We found that symlinks were causing 60% of the CPU load on our F740.
-------------------------- Sent from my BlackBerry Wireless Handheld (www.BlackBerry.net)
-----Original Message----- From: Jean-Christophe Smith jsmith@vitalstream.com To: toasters@mathworks.com toasters@mathworks.com CC: jsmith@publichost.com jsmith@publichost.com Sent: Thu Oct 25 13:51:06 2001 Subject: F720 CPU Maxing out
We have a NetApp F720 doing both NFS and CIFS using mixed mode security. It has 256 megs of ram. During parts of the day the CPU and RAM spike to %100 utilization. We do a lot of sendmail, windows media, apache and IIS traffic over the filer.
I have two questions: 1. Is there a way we can add more ram, perhaps 512 or a gig? The docs say we are maxxed out with 256. 2. Is it possible that the extra cpu overhead that provides the NFS/CIFS user mapping is causing much of the ram and cpu starvation? Perhaps going to a simpler security model would offload a lot of CPU cycles.
Any suggestions would be appreciated..
Jean-Christophe Smith VitalStream jsmith@vitalstream.com
What did you do to figure out that symlinks were using so much of the CPU load?
I've got a 720 that's becoming very unresponsive under high loads. It doesn't get up to 100%, but it does hit 85-90%. This is during times of high writes to one volume, on the order of 5-10 Megs/sec.
The weirdest part is when it gets really slow, I loose quite a few large pings to the filer from the effected machine. This makes me worry about my network as well. I've had many duplex issues cause the same kinds of problems before, but I've checked duplex on all of my ports.
Is it normal for high writes to bog down a filer this much? Could it be symlinks causing my woes? Any tips for solving this problem?
I've turned on per host nfs stats logging, any tips of decoding this information? I assume that the machine with the highest number of writes would be the offending host that's slamming my filer?
Thanks for any info you may be able to provide.
- Eli
Michael Rogan wrote:
We found that symlinks were causing 60% of the CPU load on our F740.
Sent from my BlackBerry Wireless Handheld (www.BlackBerry.net)
-----Original Message----- From: Jean-Christophe Smith jsmith@vitalstream.com To: toasters@mathworks.com toasters@mathworks.com CC: jsmith@publichost.com jsmith@publichost.com Sent: Thu Oct 25 13:51:06 2001 Subject: F720 CPU Maxing out
We have a NetApp F720 doing both NFS and CIFS using mixed mode security. It has 256 megs of ram. During parts of the day the CPU and RAM spike to %100 utilization. We do a lot of sendmail, windows media, apache and IIS traffic over the filer.
I have two questions:
- Is there a way we can add more ram, perhaps 512 or a gig? The docs say we
are maxxed out with 256. 2. Is it possible that the extra cpu overhead that provides the NFS/CIFS user mapping is causing much of the ram and cpu starvation? Perhaps going to a simpler security model would offload a lot of CPU cycles.

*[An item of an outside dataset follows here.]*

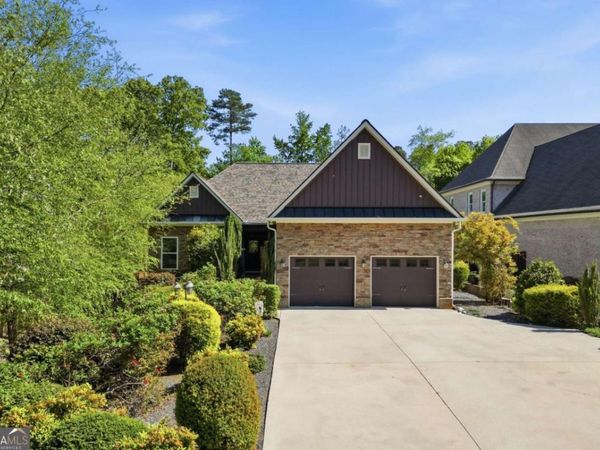 5527 Awtrey Church Road NW, Acworth, GA 30101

Any suggestions would be appreciated..
Jean-Christophe Smith VitalStream jsmith@vitalstream.com
I've got a 720 that's becoming very unresponsive under high loads. It doesn't get up to 100%, but it does hit 85-90%. This is during times of high writes to one volume, on the order of 5-10 Megs/sec.
The unresponsiveness to pings seems odd, but those writes are probably about as much as you'll get out of the 720. Looking at my 760's in the past, they had exhausted cpu at just over 20MB/s of writes (those were full-frame packets over a non-jumbo'ed Gig-II). Having been at a cash-strapped dot com for some time now, I haven't had the luxury of perusing new hardware options much, but does anyone know what kind of performance benefit is picked up w/ ZCS vs. BCS volumes?
Could it be symlinks causing my woes? Any tips for solving this problem?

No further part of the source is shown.